_Work instructions:_
Set down, word for word, every line of the material below from the one containing "Classic Twin Room" through the one containing "Tuffo White & Assisi Blue US King Sham", but none of its pictures.

_Records:_
*** Block opens ***
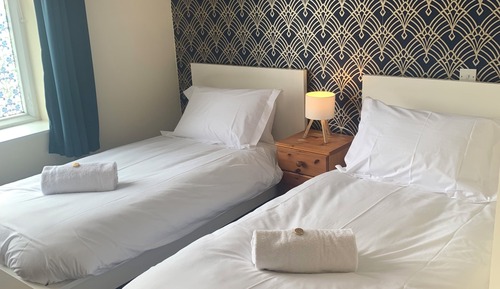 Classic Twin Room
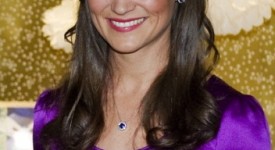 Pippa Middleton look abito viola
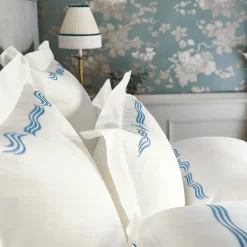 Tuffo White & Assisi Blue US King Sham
*** Block closes ***
*** Block opens ***
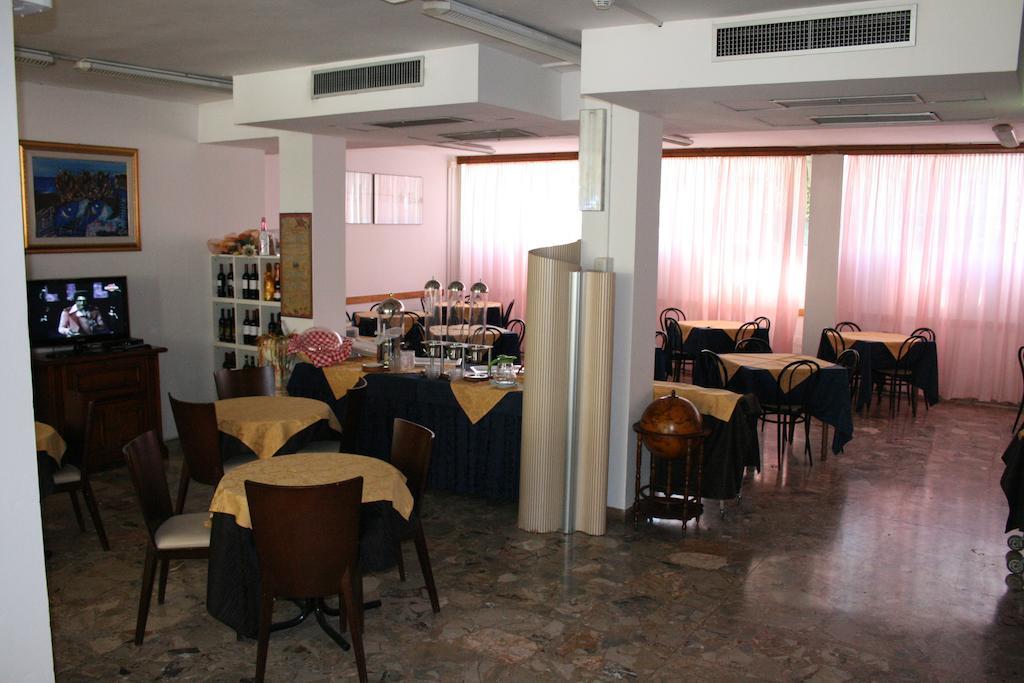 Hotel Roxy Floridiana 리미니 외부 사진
*** Block closes ***
_Output of the task:_
 Classic Twin Room
 Pippa Middleton look abito viola
 Tuffo White & Assisi Blue US King Sham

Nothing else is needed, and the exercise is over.